Nieuw-Vlaamse Alliantie


Parlementaire nieuwsflits (30 mei - 3 juni 2005) (03/06/05)

Wekelijks ontvangt u een parlementaire nieuwsflits. Hierin brengen we een selectie van de parlementaire initiatieven van onze parlementsleden.

Vlaams Parlement

Tijdens een persconferentie over het jaarverslag 2004 kondigde de VRT aan nog dit jaar te starten met drie digitale televisienetten: een kinder-, een cultuur- en een informatienet en één auditief net. Verder wist de gedelegeerde bestuurder Tony Mary te melden dat hij daartoe een aanvraag deed bij de Vlaamse overheid. Kris Van Dijck was enigszins verrast toen hij dit bericht dinsdagavond vernam en hij stelde dan ook woensdag een Actuele Vraag aan onze minister, Geert Bourgeois. Het Vlaams Parlement heeft immers (in een motie) eerder duidelijk bepaald dat, conform het regeerakkoord, de VRT televisie- of radionetten, hetzij digitaal, hetzij analoog, pas kan splitsen als de beheersovereenkomst aangepast is. Verder moeten technologische innovaties en mediatoepassingen worden geïntegreerd zonder een verhoging van de kostprijs voor de gebruiker. De minister beaamde dit volmondig: het regeerakkoord stelt uitdrukkelijk dat er geen ontdubbeling van de kanalen van de VRT kan komen zonder aanpassing van de beheersovereenkomst en dat de doelstellingen en strategie worden bepaald door de raad van bestuur. Het oprichten van themakanalen werd nog niet door de raad van bestuur behandeld. Hij kreeg enkel schriftelijk een vraag van de gedelegeerde bestuurder. Hij had nog geen dossier ontvangen over de oprichting van de themakanalen en het nieuwe radiokanaal en kan dus geen beslissing nemen op basis van de ontvangen brief. In zijn repliek wees Kris er nog op dat de gedelegeerde bestuurder sprak over een kostprijs van 200 miljoen euro op jaarbasis. Wat dus werd voorgesteld als een project dat bijna was afgerond, moet eigenlijk nog worden afgewerkt. De VRT moet bepalen wat men wil, wat technisch mogelijk is en wat de kostprijs van het project zal zijn. Het Parlement moet dit vervolgens bespreken om een nieuwe beheersovereenkomst te kunnen afsluiten.

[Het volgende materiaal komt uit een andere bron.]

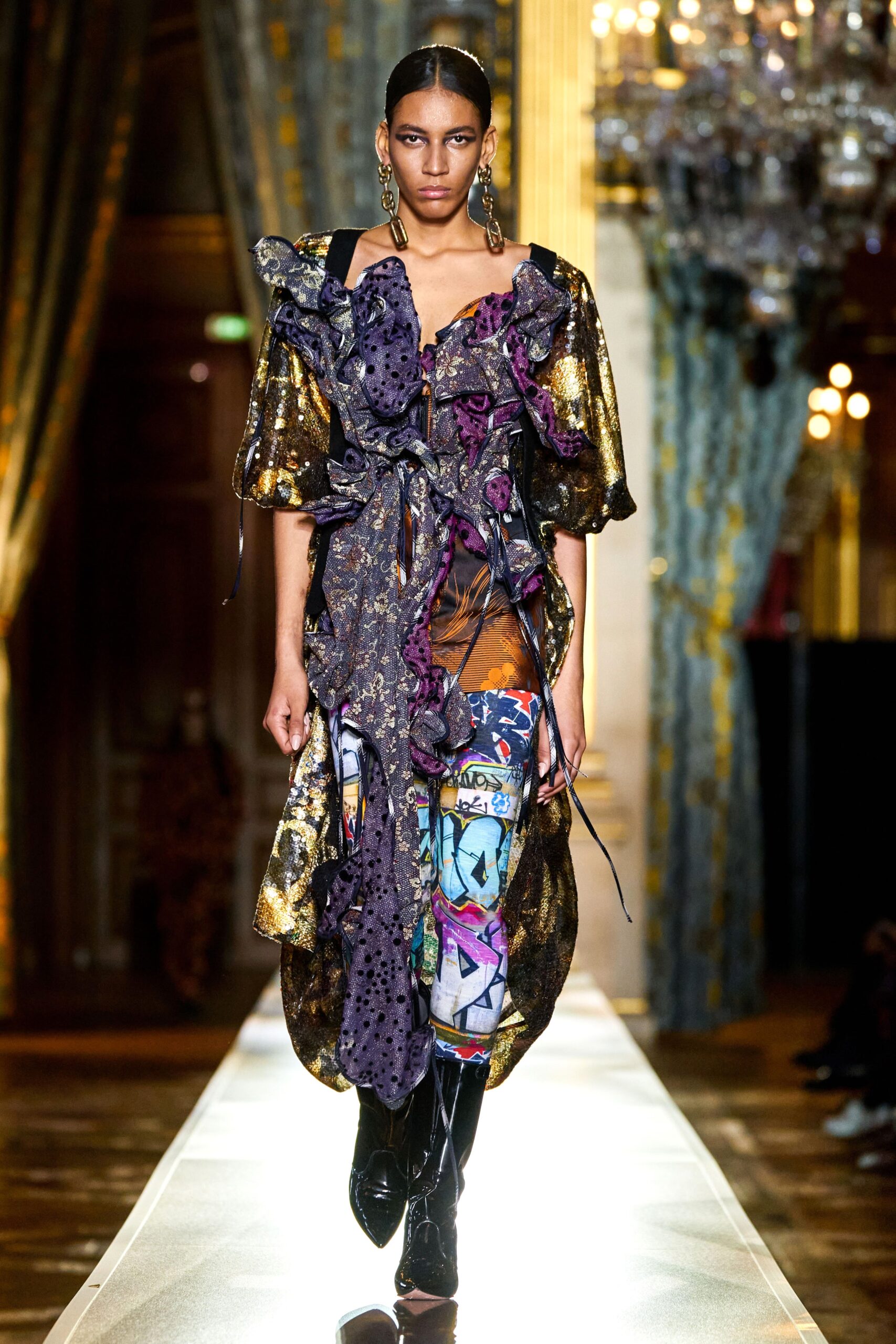 gold and purple ruffled dress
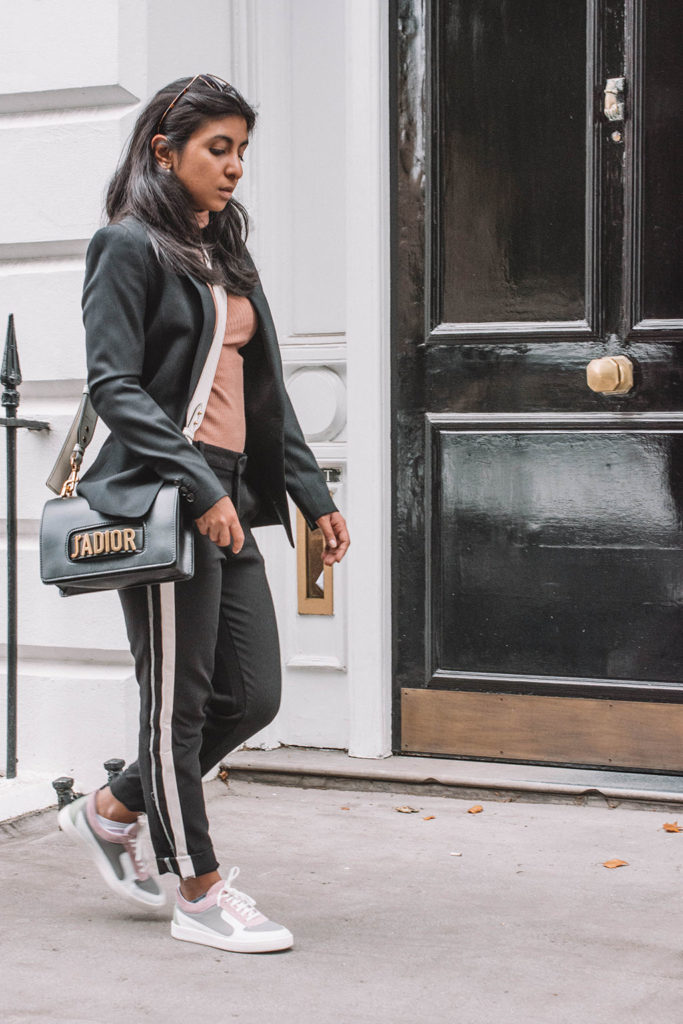 Fashion blogger Shloka Narang of The Silk Sneaker creates a fashionable weekend outfit with your favourite black blazer
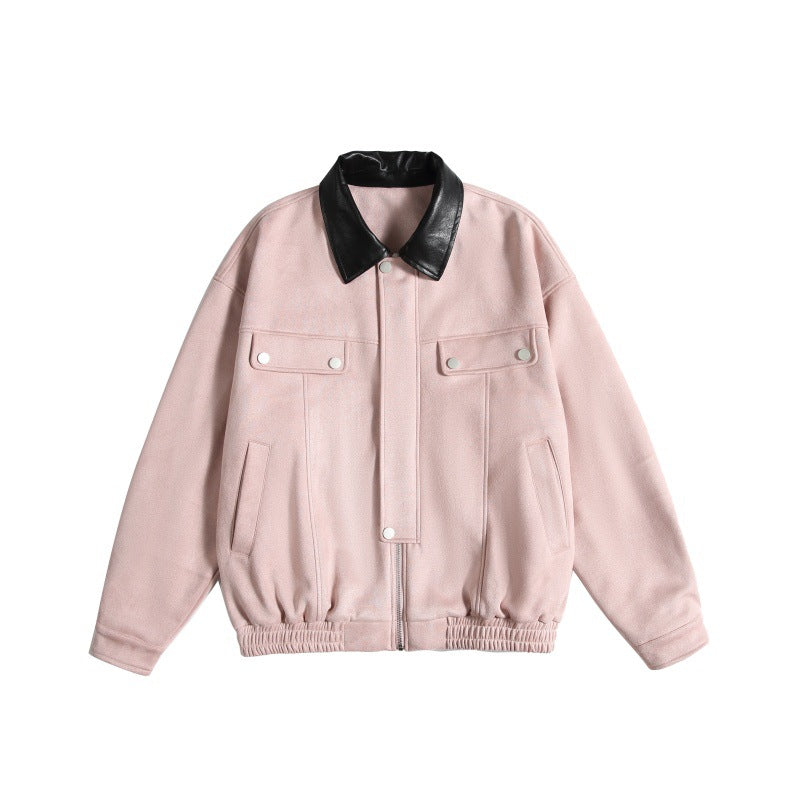 Damen Kurz geschnittene Boxy-Blousonjacke mit kontrastierendem Kunstlederkragen Echoarchiv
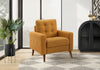 31\" Wide Upholstered Accent Chair, Orange Fabric, Mid Century Accent Chair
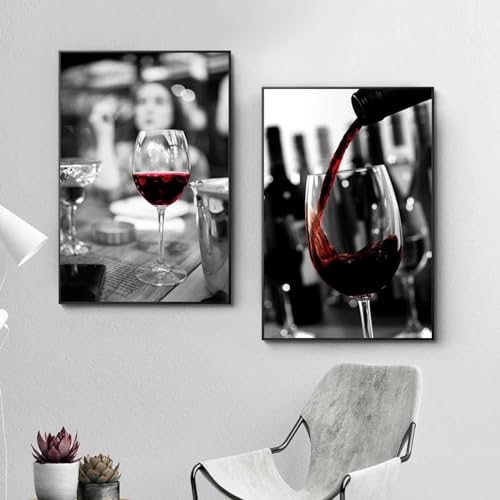 Peinture sur toile vin rouge 60x80 cm décoration moderne pour bar et restaurant sans cadre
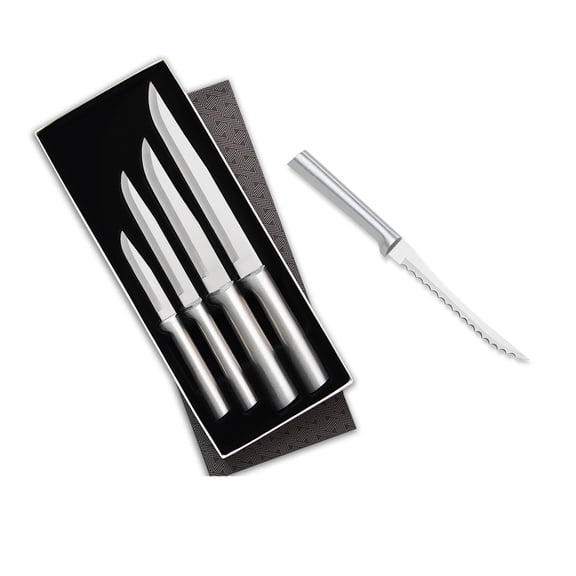 Rada 4 Piece Wedding Register Set & 5-Inch Tomato Slicer Stainless Steel Serrated Blade, Silver Handles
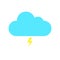 Flat color lightning storm icon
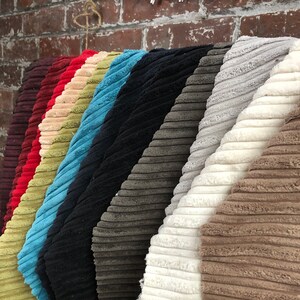 Fire Treated Striped Corduroy Chenille Upholstery Fabric For Curtains, Cushions & Interior Design Soft Hard Wearing Plain Fabric Per Metre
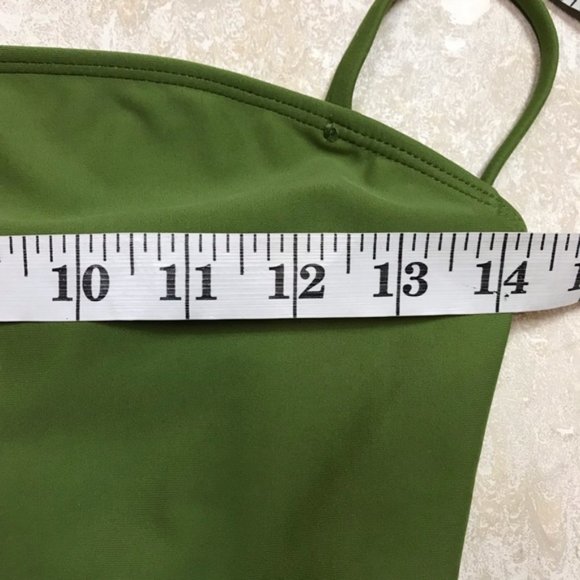 F21 Olive Green Belted High Leg One Piece Swimsuit - Picture 16 of 16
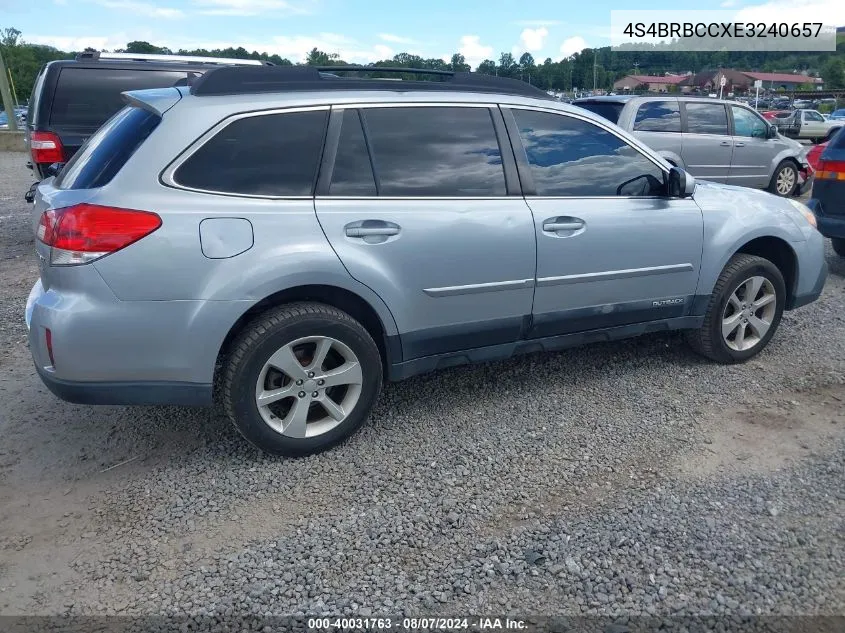 2014 Subaru Outback 2.5I Premium VIN: 4S4BRBCCXE3240657 Lot: 40031763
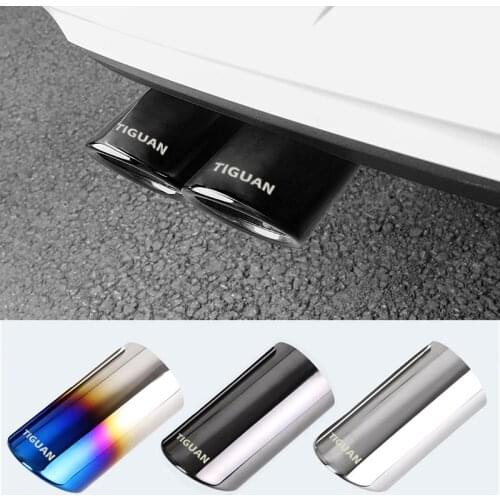1Pcs Chrome Plating Stainless Steel Car Exhaust Muffler Tip Pipes Covers for Volkswagen VW Tiguan 2011 2012 2013 2014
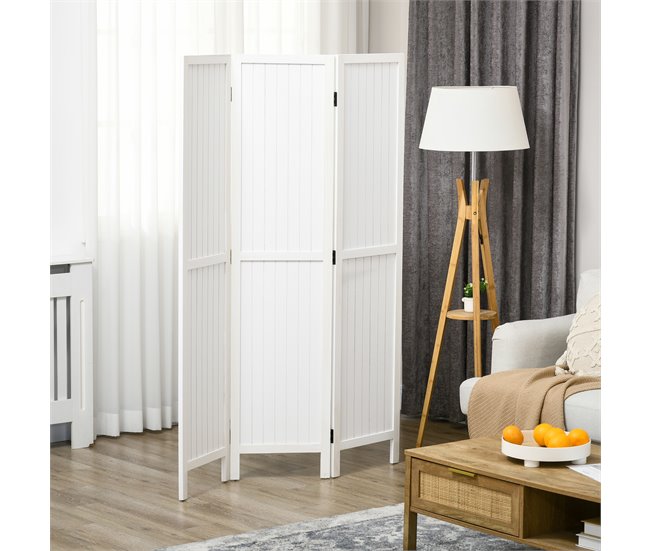 Conforama HOMCOM Biombo De 3 Paneles Divisor De Habitación Plegable 120x1 8x170 Cm Separador De Ambientes Con Pantalla De Privacidad Estilo Rústico Para Oficina Dormitorio Salón Blanco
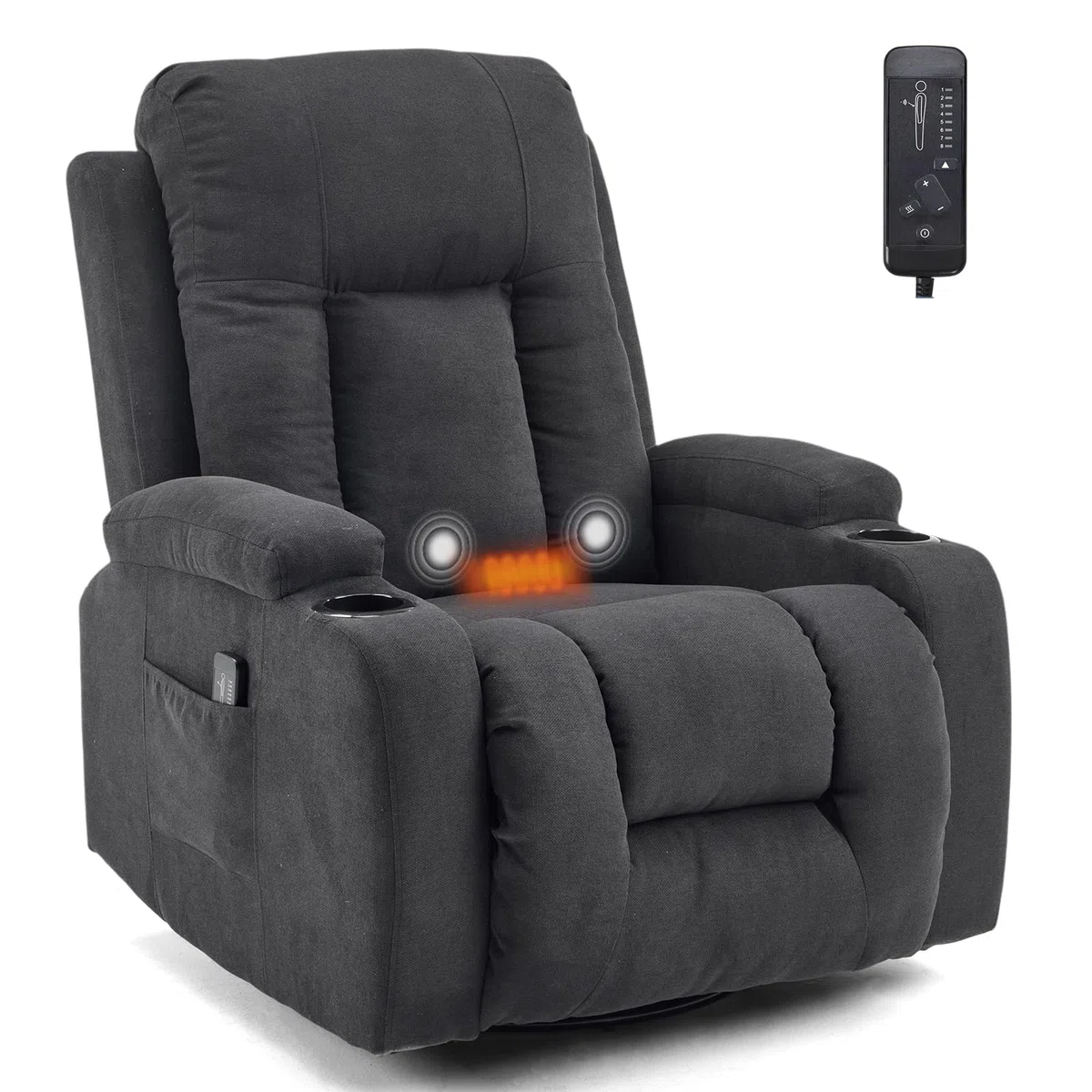 LEADZM Fernsehsessel Relaxsessel mit 360°-Drehung, Elektro-Massagesessel mit Liegefunktion, Massage, Heizung, 2 Seitentaschen und Getränkehalter, Schwarz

Jan Peumans had via zijn informeel circuit opgevangen dat de toepassing van de taalwetgeving bij interne bedrijfscommunicatie soms met de voeten wordt getreden. Het gaat af en toe zo ver dat arbeidsovereenkomsten of zelfs ontslagbrieven (of andere vormen van zogenaamde sociaalrechtelijke aangelegenheden) in het Engels worden opgemaakt. Dit is duidelijk een inbreuk op de taalwetgeving (wet van 19 juli 1973). Jan ondervroeg bevoegd minister Vandenbroucke hierover. In totaal zijn er in Vlaanderen 16 inspecteurs van de Afdeling Inspectie Werkgelegenheid die bevoegd zijn voor de controles op de taal- en andere materies. De afgelopen 5 jaar hebben zij op de toepassing van de taalwetgeving 201 controles gedaan.175 ervan pasten in een integrale controle, 2 gebeurden spontaan (specifiek in het kader van de taalwetgeving) en 24 controles werden verricht op basis van een klacht. Maar wat gebeurt hiermee? Er werden 23 PVs van waarschuwing uitgeschreven en 2 effectieve Pro Justitias. Recent werd er ook een uitvoeringsbesluit (14/01/2005) door de Vlaamse regering goedgekeurd, waardoor bij Pro Justitias die worden geseponeerd door de arbeidsauditeur, Vlaanderen zelf administratieve geldboetes kan innen. Hiervan is op dit moment echter nog geen gebruik gemaakt in het kader van inbreuken tegen de taalwetgeving. De minister deelde ook de visie van Jan Peumans, om het bedrijfsleven zo veel mogelijk te sensibiliseren met betrekking tot het gebruik van het Nederlands. Dit is een permanente opdracht, en in dit kader verwees hij naar de bestaande Taalwetwijzer. Verder zal hij ons voorstel van een open brief of een campagne gericht aan het bedrijfsleven verder onderzoeken.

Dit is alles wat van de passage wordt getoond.